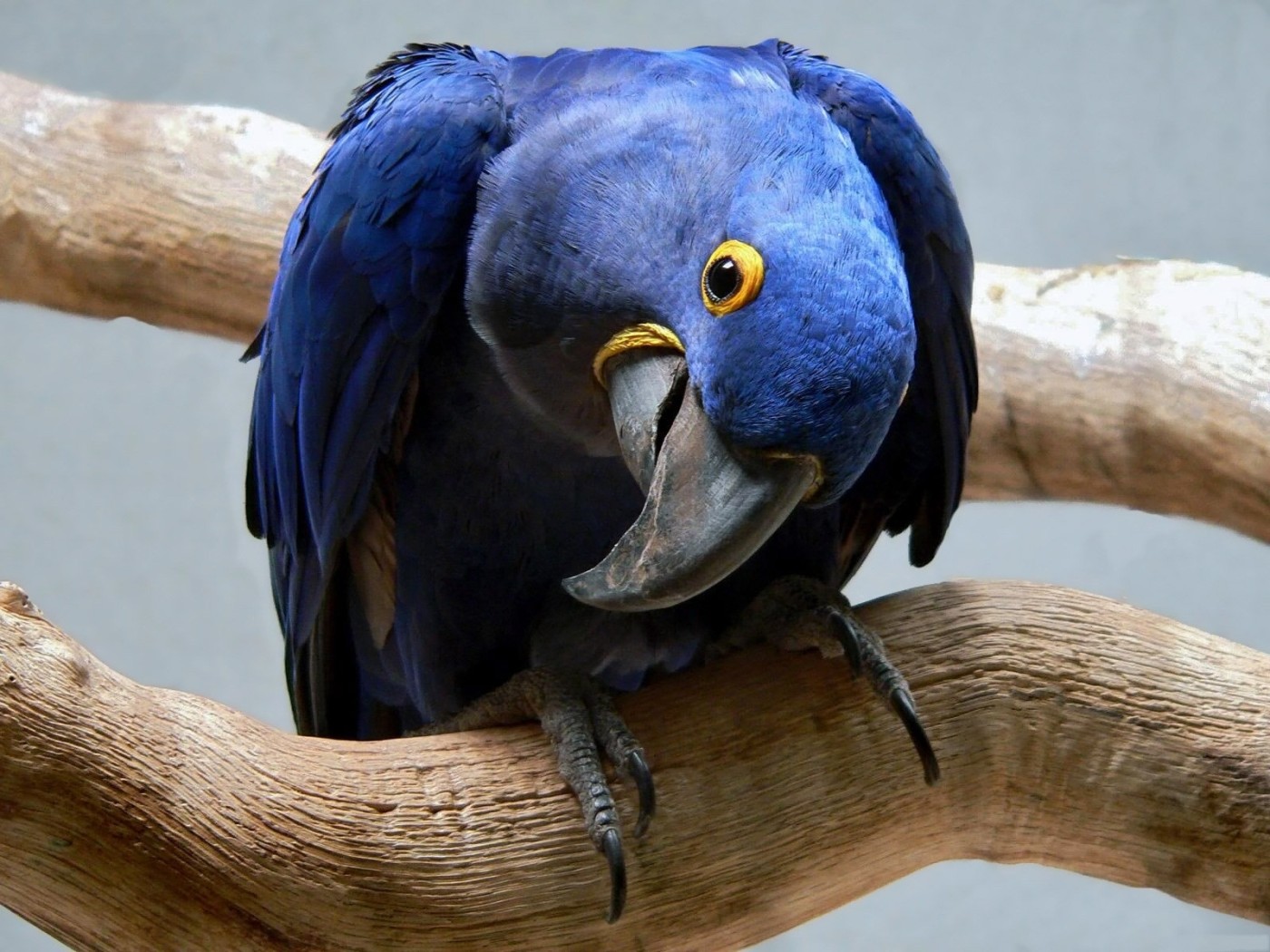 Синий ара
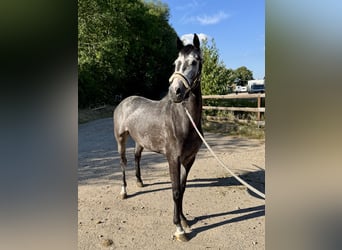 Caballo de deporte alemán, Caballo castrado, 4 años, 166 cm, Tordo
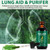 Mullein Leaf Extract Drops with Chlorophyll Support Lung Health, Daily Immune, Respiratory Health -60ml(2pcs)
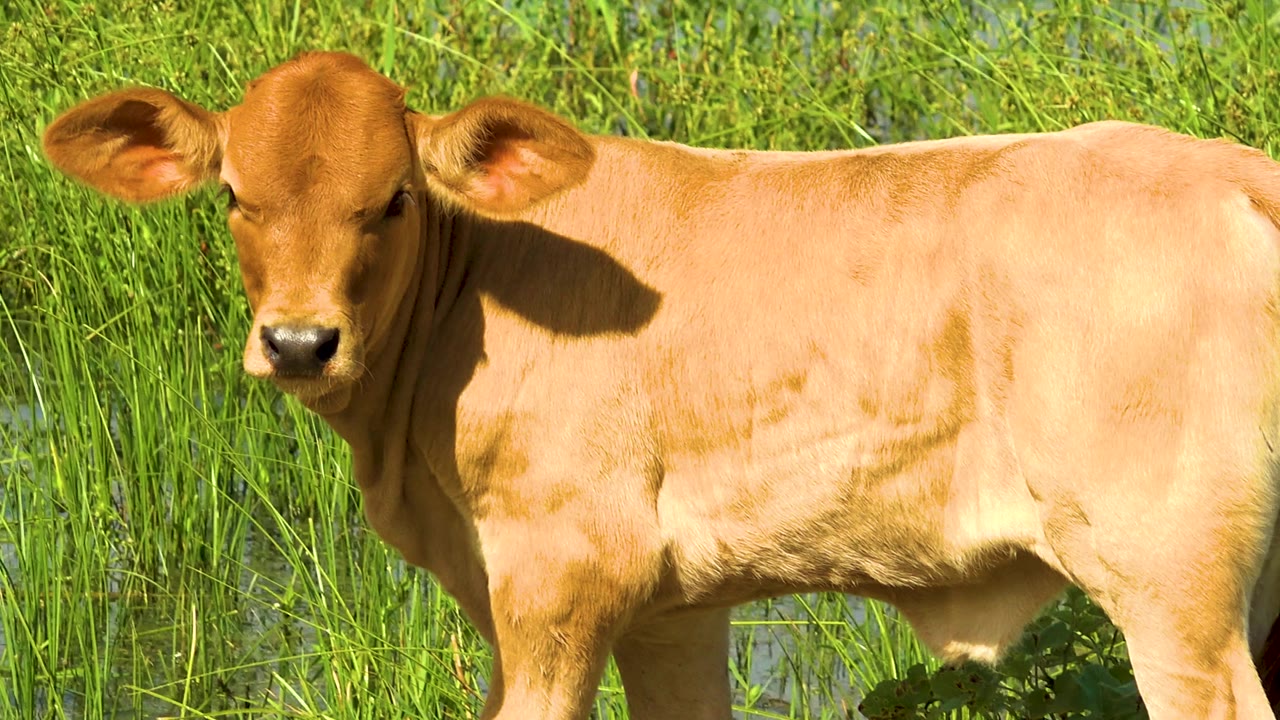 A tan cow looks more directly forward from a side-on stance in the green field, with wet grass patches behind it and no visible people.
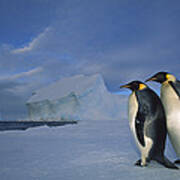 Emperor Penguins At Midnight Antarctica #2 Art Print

...

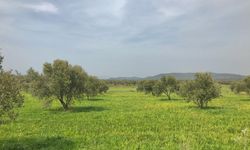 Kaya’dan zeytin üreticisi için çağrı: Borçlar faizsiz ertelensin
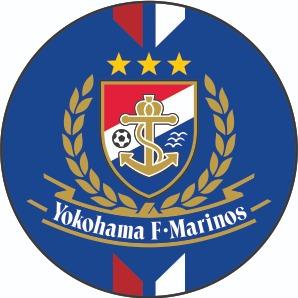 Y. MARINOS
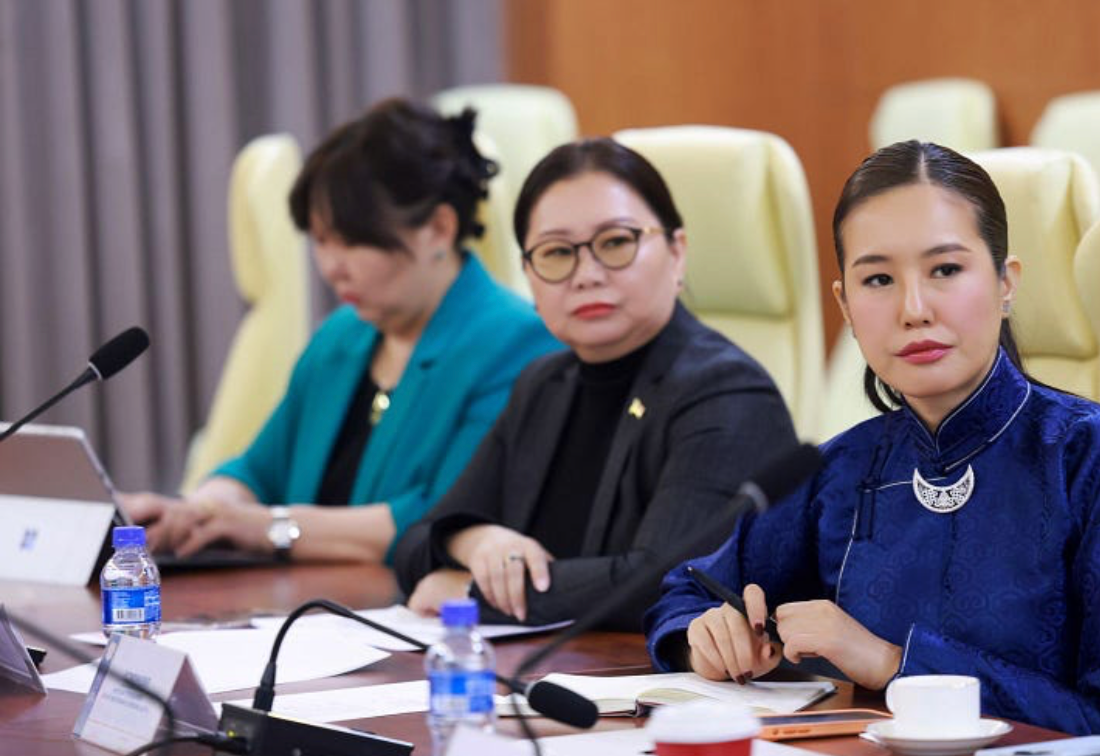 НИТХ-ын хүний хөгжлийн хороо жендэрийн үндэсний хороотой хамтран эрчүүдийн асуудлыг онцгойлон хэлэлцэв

— EXERCISE —
Word for word, restate the lines above from the one with "A tan cow looks" through the one with "Emperor Penguins At", keeping both ends and dropping the pictures.

— ANSWER TO THE EXERCISE —
 A tan cow looks more directly forward from a side-on stance in the green field, with wet grass patches behind it and no visible people.
 Emperor Penguins At Midnight Antarctica #2 Art Print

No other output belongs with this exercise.